I have signed up for a challenge to read 20 new books in 2014 through GoodReads.com. One of my goals for 2014 is to write a novel, which I plan to start after I finish my dissertation somewhere around May. I have been spending a few minutes a day on my creative writing by reading 15 minutes a day. I will never be finished with journal articles, have a few dissertations to read, and a few books that I can enjoy. 15 minutes a day can make a huge difference!
With more people using typing shortcuts for text messaging and email, I wonder if reading and writing will become lost arts. Littlefield (2013) claimed that twenty-one million Americans can’t read at all, 45 million are marginally illiterate, one-fifth of high school graduates can’t read their diplomas, and fewer than half of American adults read literature. One of the main ingredients for being a writer is being able to read because it helps learn genres of writing, story structure, and what to say to your readers. Students are even using text and email shortcuts as acceptable writing.
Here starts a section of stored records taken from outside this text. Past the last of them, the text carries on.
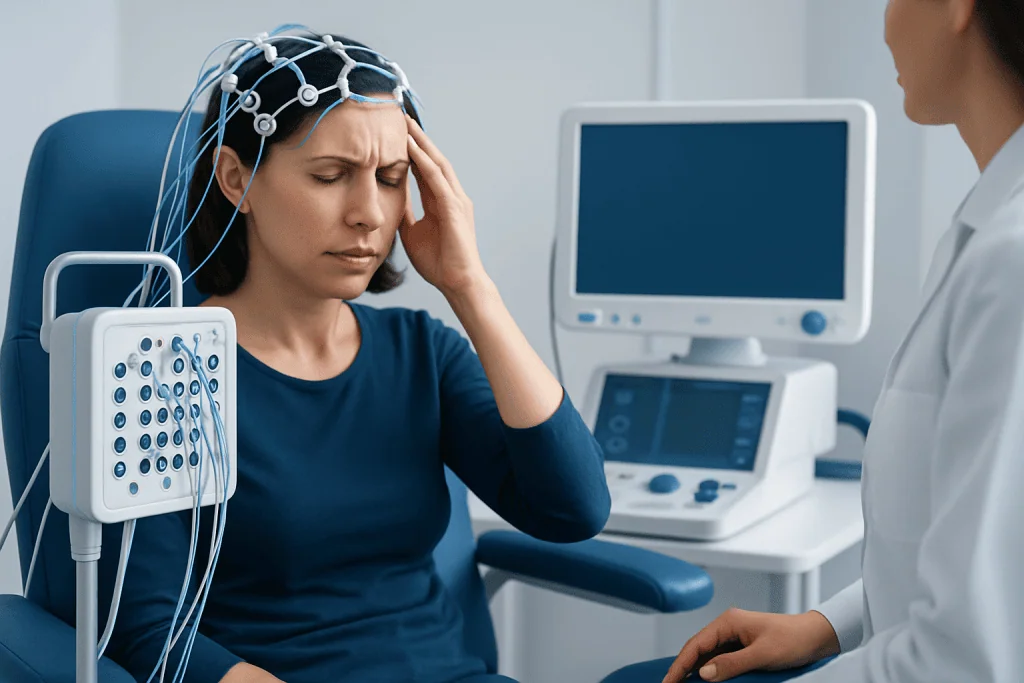 Woman experiencing headache during EEG test at Acibadem Hospital.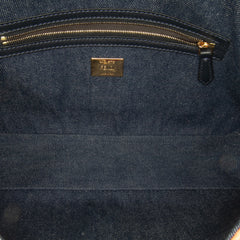 Large Denim Baguette Satchel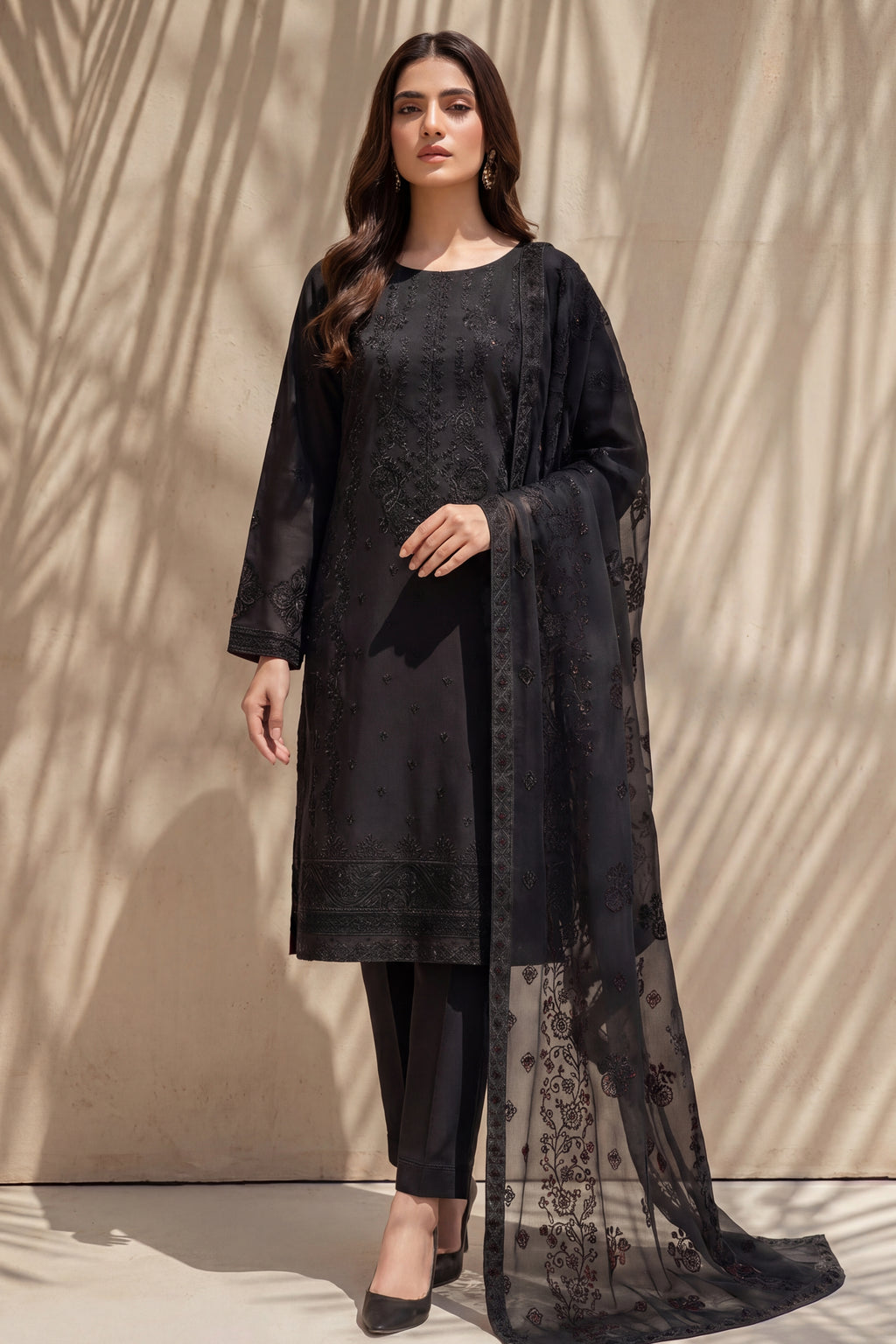 Grace by Breeza Fashion - 3PC Unstitched Embroidered Lawn Suit (Black)
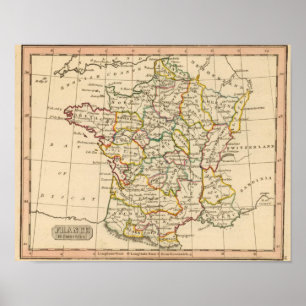 Frankrijk, provincies poster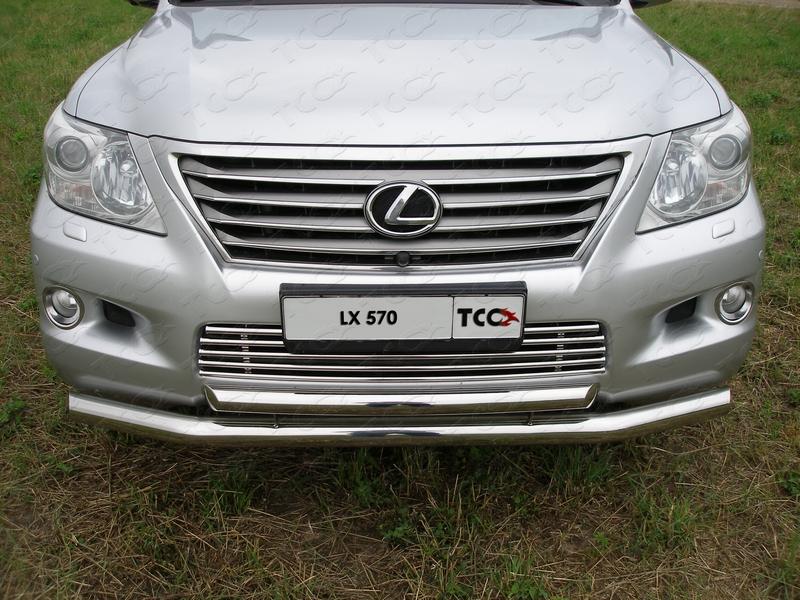 Защита передняя нижняя 76,1/60,3мм для автомобиля Lexus LX 570 2007-2012 (кроме F-Sport), TCC Тюнинг LEXLX570-01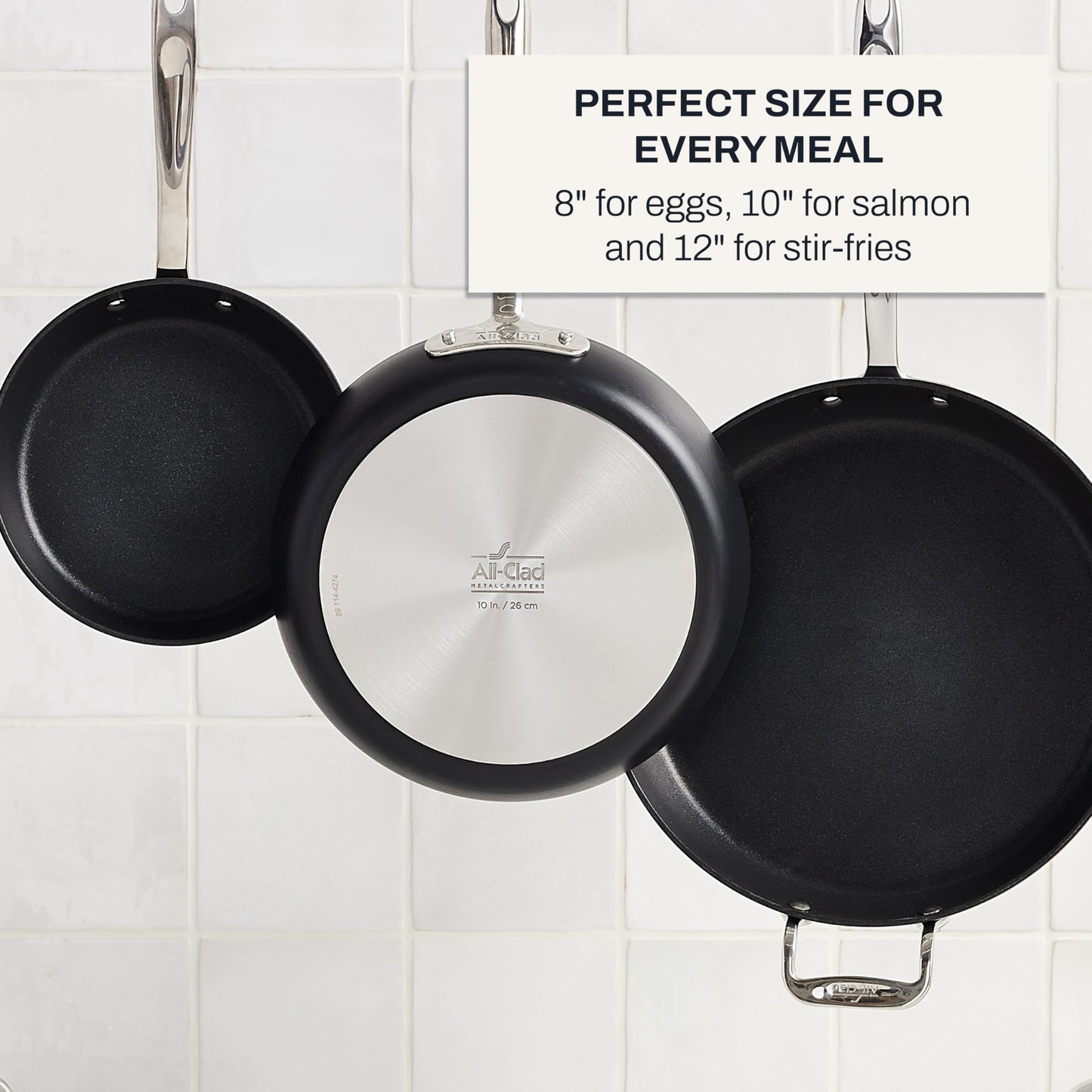 All-Clad HA1 Hard Anodized Nonstick Fry Pan Set – 5-Piece Cookware, 8", 10", 12" Skillets with Lid, Induction Compatible, Oven Safe to 500°F, Lid Safe to 350°F, Black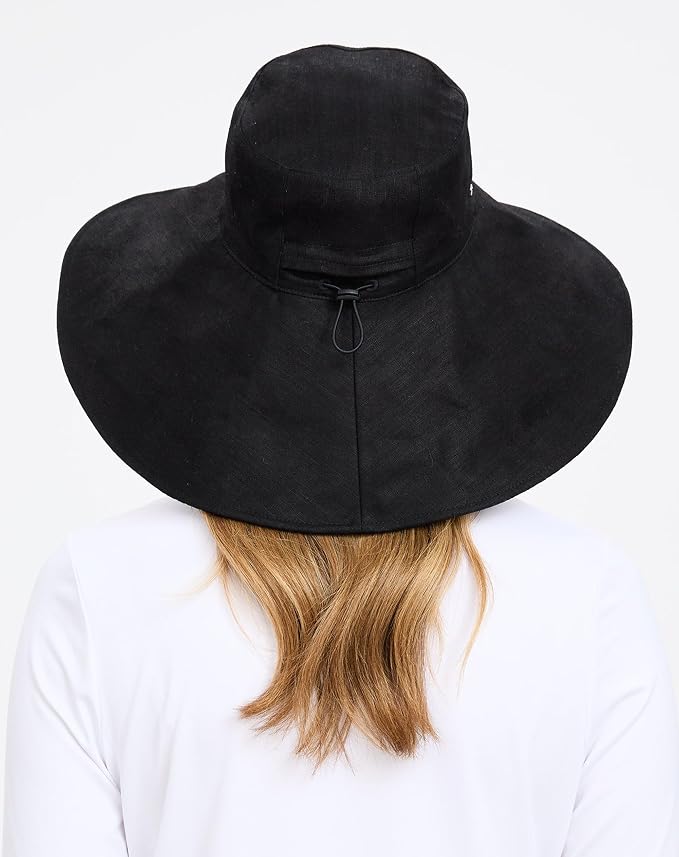 Solbari Women’s Ultra-Wide Cotton Linen Sun Hat UPF 50+, Adjustable - Image 5
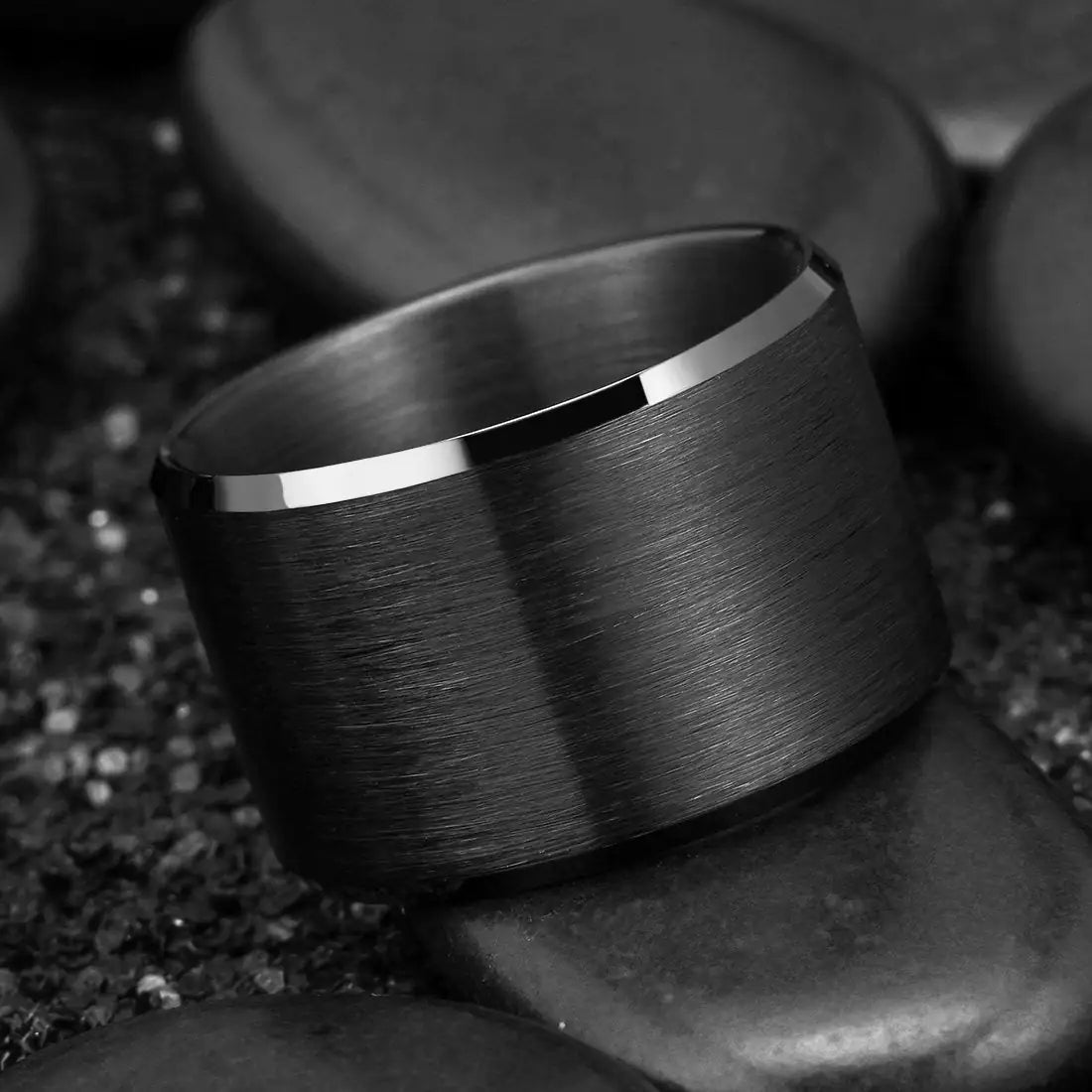 King Will Basic 6mm 7mm 8mm 9mm 10mm Men Wedding Black/Silver Tungsten Ring Matte Finish Beveled Polished Edge Comfort Fit Black-15mm 7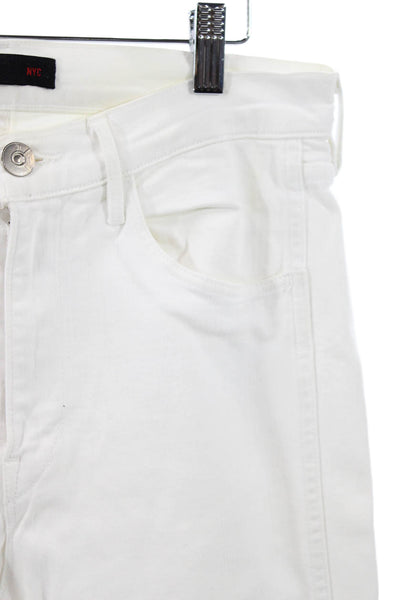 3x1 NYC Womens Straight Jeans White High Rise Cotton Size 28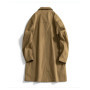 2025 New Men's Balmacaan Coat, Long Trench Coat with Rivet Decor, Trendy Spring Autumn Overcoat, Loose Fit Streetwear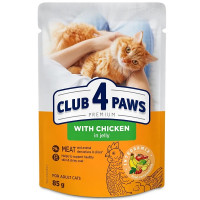 Клуб 4 Лапи Premium Chicken 24х85 г вологий корм для котів з куркою в желе Клуб 4 Лапи Premium Chicken 24х85 г вологий корм для котів з куркою в желе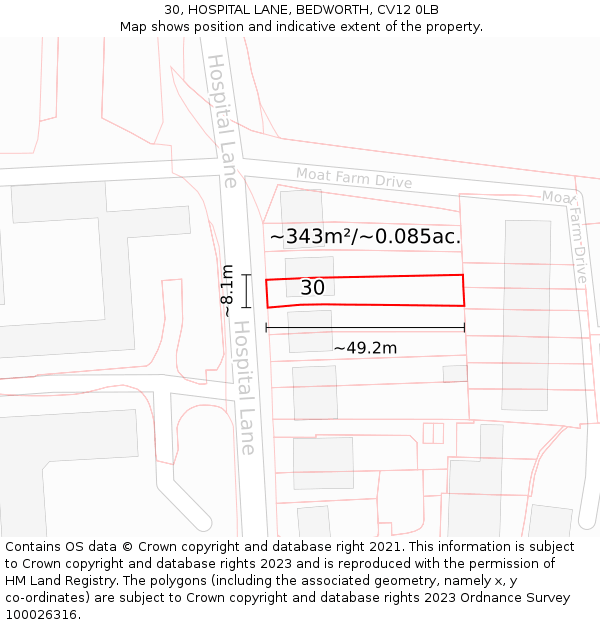 30, HOSPITAL LANE, BEDWORTH, CV12 0LB: Plot and title map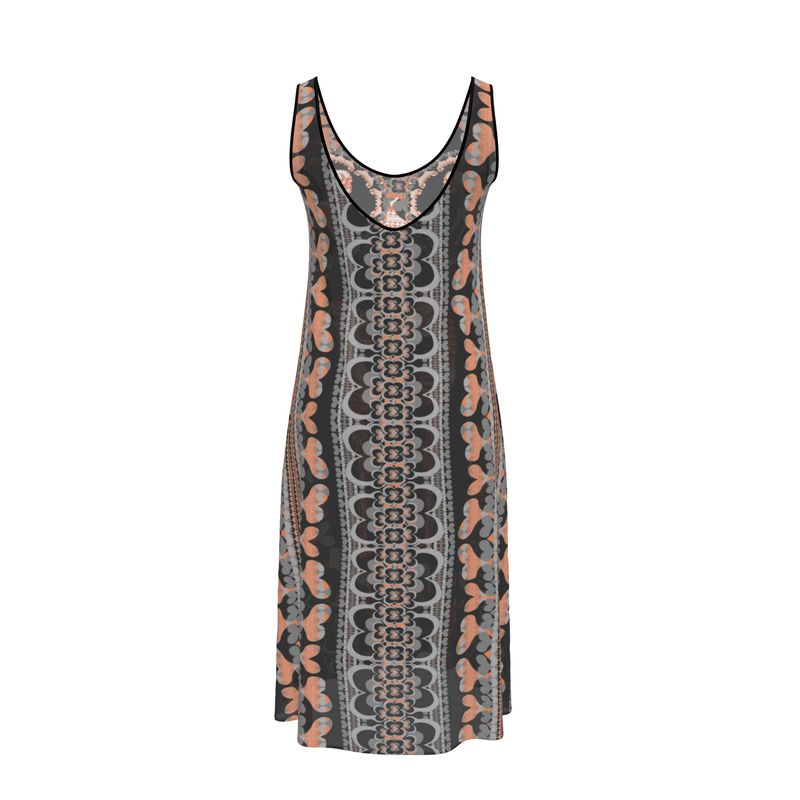 Sleeveless Midi Dress in Bona Bones Gray Coral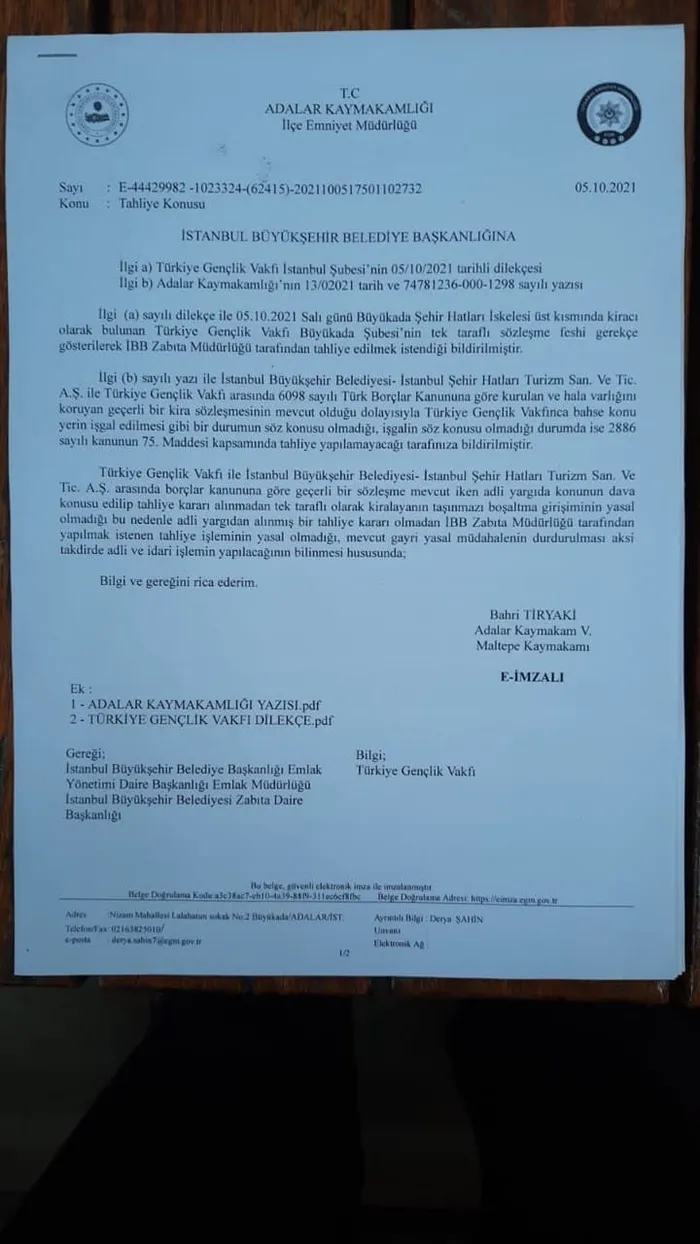 TÜGVA için tahliye kararının olmadığı belgelendi! İBB, Kaymakam Bahri Tiryaki’nin resmi yazısına rağmen....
When I was teaching K-8 students turned in papers with email shortcuts and I failed them. Parents would ask why and I handed the papers to the parent to read. I asked what is wrong with the paper; parents sometimes didn’t pick up that the letter “u” meant “you”, the letter “r” meant “are”, or even put “lol” to indicate that someone they were writing about was laughing. I personally type every word out in text or emails mostly so I don’t forget how to write properly. I had to Google a few of these shortcuts like RT (ReTweet), FTW (for the win), or better yet WYCM (Will you call me?). That raises another question: What will happen to phone etiquette? What will happen to communicating in general?